Oh, I would try it.... don't get me wrong there.  I have found that "simplicity" often goes hand in hand with great cooking!!!!  We have a fire ban right now so grilling out will get me a citation.  But it is on my list of things to try!!!


----------



## Phil (Feb 10, 2006)

*I'm just east of you....*



			
				sattie said:
			
		

> Oh, I would try it.... don't get me wrong there. I have found that "simplicity" often goes hand in hand with great cooking!!!! We have a fire ban right now so grilling out will get me a citation. But it is on my list of things to try!!!

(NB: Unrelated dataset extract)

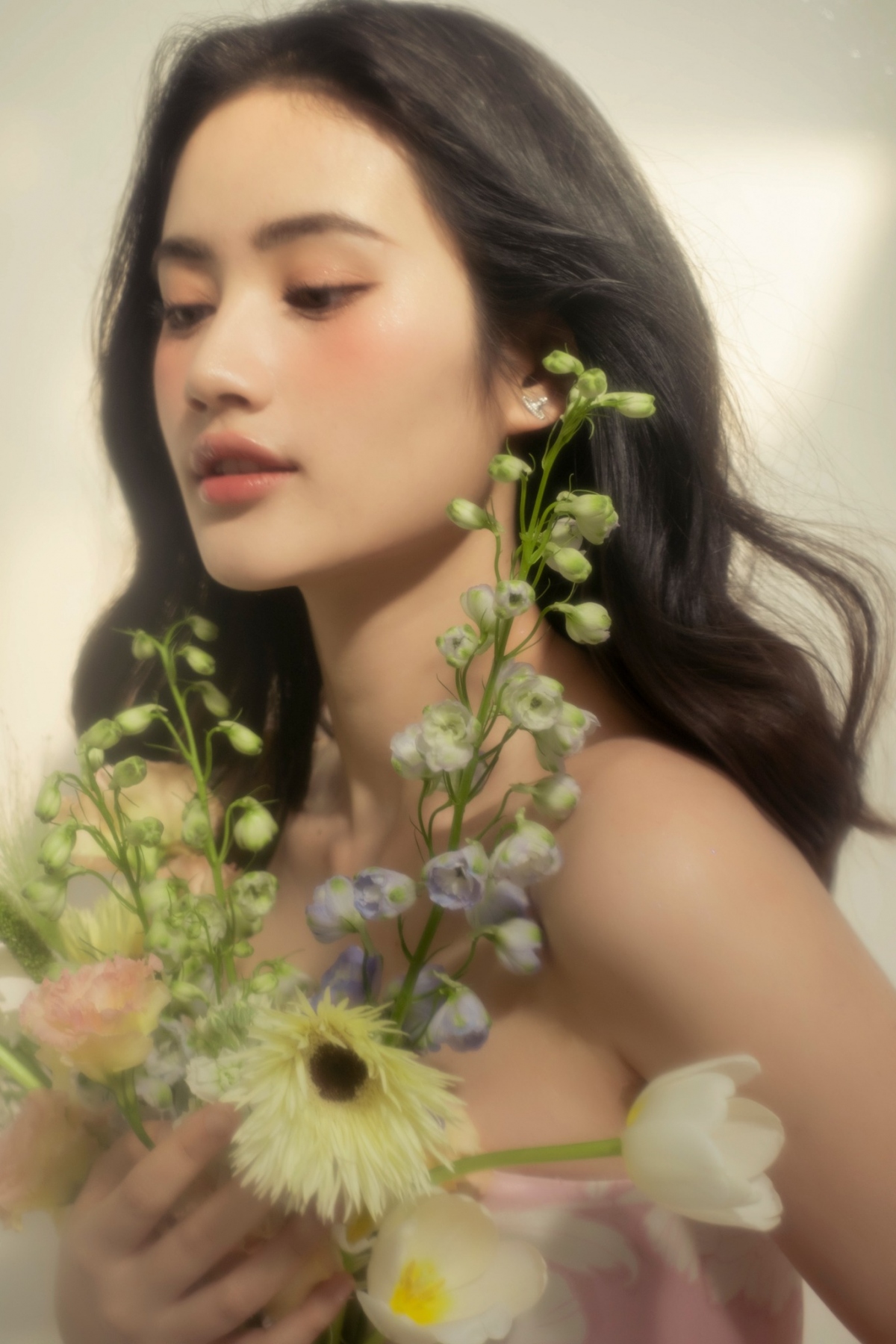 Bên dưới bộ ảnh đón tuổi mới, nhiều đồng nghiệp, nghệ sĩ và người hâm mộ gửi lời chúc mừng sinh nhật tới Ý Nhi. Anh Kiệt - bạn trai của nàng hậu cũng để lại bình luận chúc mừng sinh nhật bạn gái: "Chúc mừng sinh nhật tình yêu của tôi".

....we can't grill under the fire ban? Are you sure we are restricted from BBQ grills? If so, I'm in a heap of trouble.


----------



## sattie (Feb 10, 2006)

*Watauga*

At least for Watauga.  The public grills at our parks, they are covered with black plastic with police tape wrapped around them.  I noticed a sign last night at the park which said "Burn Ban in Effect".  As much as I like to grill... I am only 1/4 mile away from the police station... knowing my luck, they would smell my grill and be at my house within minutes!!!  Yikes!


----------



## Phil (Feb 10, 2006)

*I think you're safe at home, Sattie*



			
				sattie said:
			
		

> At least for Watauga.  The public grills at our parks, they are covered with black plastic with police tape wrapped around them.  I noticed a sign last night at the park which said "Burn Ban in Effect".  As much as I like to grill... I am only 1/4 mile away from the police station... knowing my luck, they would smell my grill and be at my house within minutes!!!  Yikes!



...but I can understand the burn ban in the parks. People are idiots in a crowd. Just look at traffic!!!


----------



## sattie (Feb 10, 2006)

*Dude....*

Phil, I am with ya on that one (traffic that is). I might have to follow up on the grill ban. I have not grilled in months because of this burn ban and I do miss my grilled foods!!!!


----------



## sattie (Feb 25, 2006)

*Hey!*

Hey Phil.... you think we can grill now?????


----------



## Phil (Feb 25, 2006)

*Keep your DAY JOB*

  
Folks, here in North Texas, we are borderline drought. Last night we had, at my house and I'm only 40 miles east of Sattie, I had 4.5 blessed inches of rain. The jokes on us, Sattie. It's now too wet to grill


----------



## sattie (Feb 25, 2006)

*Ha!*

 

Yea... think you are right Phil.  I think it rained all night!  I hope this will get us out of the "burn ban".  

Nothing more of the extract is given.